**THE PROBLEM:**
Leave out the images; return the rest of the data exactly.

**DATA BELOW:**
★ ★ ★ ★ ★ ★ ★

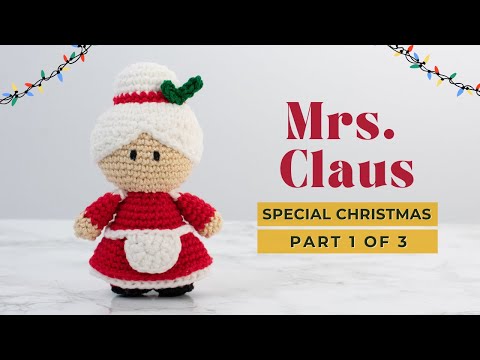 Видео: Схема вязания амигуруми миссис Клаус | Как связать крючком миссис Клаус | Схема рождественского у...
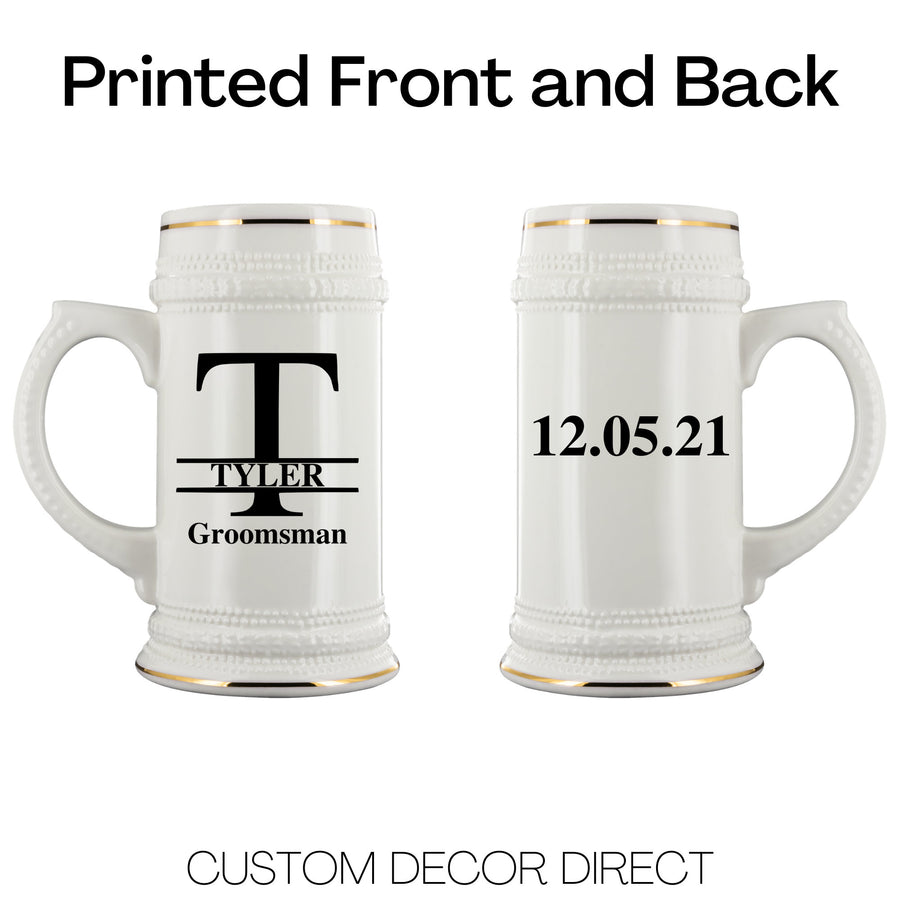 Personalized Beer Stein, Groomsman Beer Stein, Custom Beer Stein, Monogram Beer Glass, Groomsman Gifts, Groom Gift, Beer Mug, Groomsman Mug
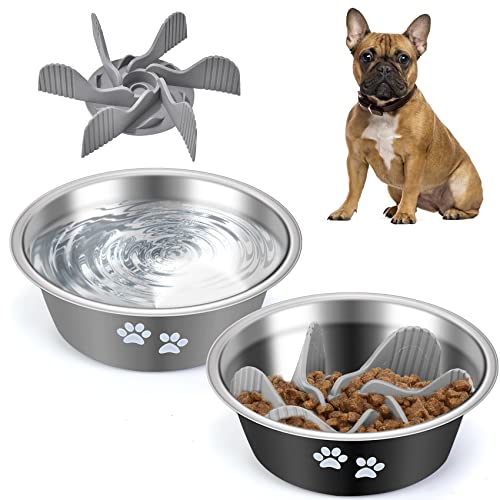 Stainless Steel Dog Bowls Medium Sized Dog, Set of 2 53oz/6.6 Cups Non Slip Metal Dog Food Water Bowls with Slow Feeder Insert, Medium Large Pet Bowls, Dishwasher Safe Rubber Bottom Cat Feeding Dishes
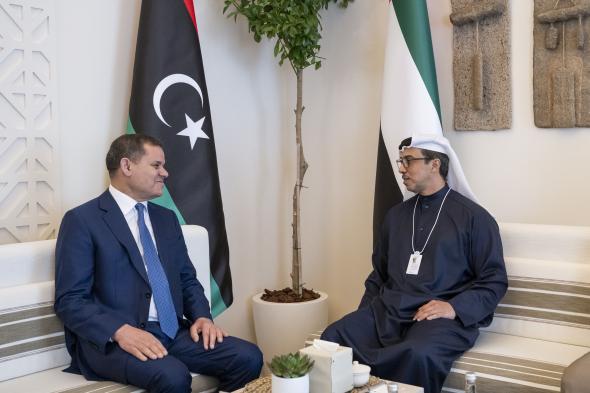 الامارات | منصور بن زايد يلتقي رئيس حكومة الوحدة الوطنية في ليبيا على هامش القمة العالمية للحكومات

★ ★ ★ ★ ★ ★ ★

**RESPONSE AREA:**
 Видео: Схема вязания амигуруми миссис Клаус | Как связать крючком миссис Клаус | Схема рождественского у...
 Personalized Beer Stein, Groomsman Beer Stein, Custom Beer Stein, Monogram Beer Glass, Groomsman Gifts, Groom Gift, Beer Mug, Groomsman Mug
 Stainless Steel Dog Bowls Medium Sized Dog, Set of 2 53oz/6.6 Cups Non Slip Metal Dog Food Water Bowls with Slow Feeder Insert, Medium Large Pet Bowls, Dishwasher Safe Rubber Bottom Cat Feeding Dishes
 الامارات | منصور بن زايد يلتقي رئيس حكومة الوحدة الوطنية في ليبيا على هامش القمة العالمية للحكومات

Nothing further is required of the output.